L’Allemagne particulièrement exposée
Cible fréquente du président républicain, l’industrie automobile allemande cristallise ses critiques. Quelques heures après sa publication sur Truth Social, lors d’un déplacement en Floride, il n’a pas hésité à accuser les constructeurs Mercedes et BMW, affirmant qu’ils avaient « dépouillé » les Américains « pendant des années ». L’Allemagne exportait près de 450.000 véhicules chaque année vers les États-Unis avant le retour au pouvoir de l’ancien président, selon la fédération VDA.
Cette déclaration intervient sur fond de tensions récentes avec le chancelier allemand Friedrich Merz, notamment concernant la situation en Iran.
L’accord transatlantique remis en question
À l’été dernier, après une longue période de négociations parfois houleuses, Européens et Américains étaient parvenus à limiter les tarifs douaniers automobiles à 15 %. Ce compromis devait également profiter au Japon et à la Corée du Sud. En échange, l’UE s’engageait à abaisser la plupart de ses propres droits sur les produits américains. Or, ce processus reste suspendu à une validation complète au sein du bloc des vingt-sept.
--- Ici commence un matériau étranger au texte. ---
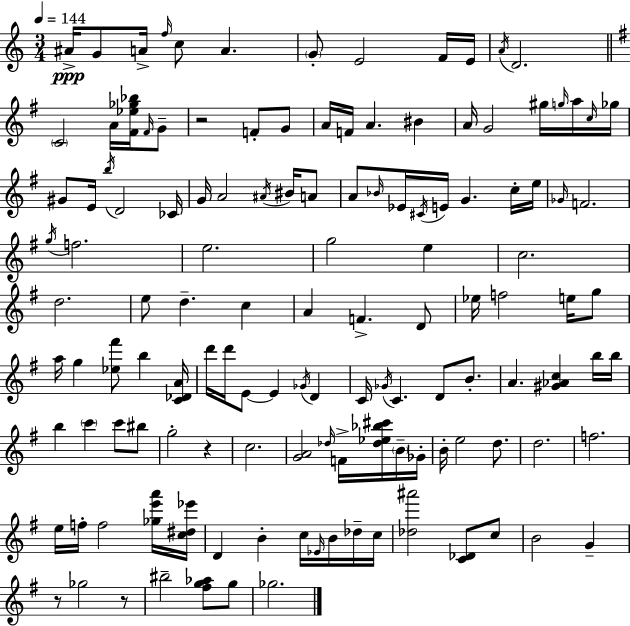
A#4/s G4/e A4/s F5/s C5/e A4/q. G4/e E4/h F4/s E4/s A4/s D4/h. C4/h A4/s [F#4,Eb5,Gb5,Bb5]/s F#4/s G4/e R/h F4/e G4/e A4/s F4/s A4/q. BIS4/q A4/s G4/h G#5/s G5/s A5/s C5/s Gb5/s G#4/e E4/s B5/s D4/h CES4/s G4/s A4/h A#4/s BIS4/s A4/e A4/e Bb4/s Eb4/s C#4/s E4/s G4/q. C5/s E5/s Gb4/s F4/h. G5/s F5/h. E5/h. G5/h E5/q C5/h. D5/h. E5/e D5/q. C5/q A4/q F4/q. D4/e Eb5/s F5/h E5/s G5/e A5/s G5/q [Eb5,F#6]/e B5/q [C4,Db4,A4]/s D6/s D6/s E4/e E4/q Gb4/s D4/q C4/s Gb4/s C4/q. D4/e B4/e. A4/q. [G#4,Ab4,C5]/q B5/s B5/s B5/q C6/q C6/e BIS5/e G5/h R/q C5/h. [G4,A4]/h Db5/s F4/s [Db5,Eb5,Bb5,C#6]/s B4/s Gb4/s B4/s E5/h D5/e. D5/h. F5/h. E5/s F5/s F5/h [Gb5,E6,A6]/s [C5,D#5,Eb6]/s D4/q B4/q C5/s Eb4/s B4/s Db5/s C5/s [Db5,A#6]/h [C4,Db4]/e C5/e B4/h G4/q R/e Gb5/h R/e BIS5/h [F#5,G5,Ab5]/e G5/e Gb5/h.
De nombreux observateurs estiment que ce coup d’éclat vise avant tout à « mettre la pression sur Bruxelles ». Selon Wendy Cutler, ancienne négociatrice américaine : « Trump a clairement perdu patience et cherche à forcer la main aux institutions européennes pour accélérer leurs procédures internes. »
L’Union européenne promet une riposte mesurée mais ferme
De son côté, la délégation européenne à Washington assure mettre en œuvre « les engagements pris conformément aux pratiques législatives habituelles, en tenant le gouvernement américain pleinement informé tout au long du processus ». Néanmoins, elle prévient : si Washington ne respecte pas ses propres obligations dans cet accord fragile, « nous garderons toutes les options ouvertes pour protéger les intérêts de l’UE ».
Dans ce contexte déjà tendu où chacun avance ses pions avec prudence, mais fermeté, la perspective d’un nouvel affrontement commercial transatlantique semble désormais bien réelle.